Antes restrita a estreitas ruas, a cracolândia só era vista pela tv ou pelos valentes que se aventurassem por aquelas bandas. Isso, de certa forma, varria o problema pra debaixo do tapete, como se costuma dizer. Agora, o triste espetáculo está aos olhos de todos, dia e noite, bem ao lado de duas das mais importantes avenidas paulistanas, exigindo solução.

A opinião da população está dividida. Para uns, a solução é na marra: cadeia e cemitério. Para outros, a internação compulsória; para outros ainda, o tratamento voluntário – em ambos os casos, o problema é a escassez de recursos. Há também quem ache que o problema é a restrição às drogas; se fôssem liberadas, não haveria nada disso (como isso pode ser possível, é coisa que me escapa completamente).

Como quer que seja, a consequência do consumo da droga está aí, bem aos nossos olhos, e o que não falta é divergência de opinião. O próprio governo, antes da ação, disse que o problema estava sendo estudado em conjunto com 44 associações, entre polícias, ongs etc.

Mas, em meio a tudo isso, há um assunto proibido – um tabu – sobre o qual ninguém fala: o Foro de São Paulo, organização comunista à qual pertencem as FARC, a narco-guerrilha terrorista colombiana responsável principal pela produção e distribuição de drogas no Brasil.

O movimento comunista foi quem criou o comércio de drogas para ganhar dinheiro e, de quebra, aniquilar populações inteiras. Hoje, o Brasil está dizimado pela maconha, pelo crack e pela cocaína.

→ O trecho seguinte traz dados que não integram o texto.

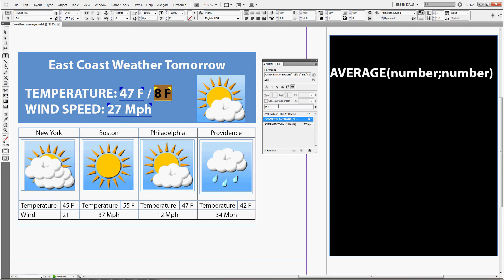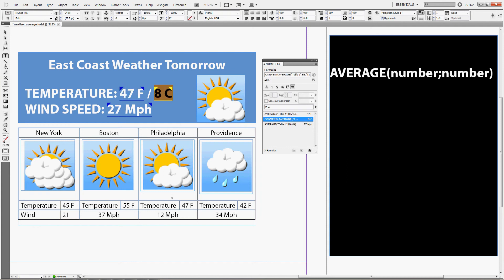Now you just change the format from Fahrenheit to Celsius in the formatting options. And now you can see that the temperature for 47 Fahrenheit is also 8 degrees Celsius.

Além de traficar, os comunistas fazem coisa muito pior: devastam culturalmente o Brasil e colocam desde cedo na cabeça das nossas crianças belas teorias como a ideologia de gênero, o incentivo ao aborto, às drogas e à revolta, o ódio à religião e mais uma porção de barbaridades que, inevitavelmente, conduzem ao homicídio, ao suicídio e às drogas.

Enquanto não colocarmos o dedo na ferida do Foro de São Paulo, ficaremos numa conversa de surdos enxugando gelo.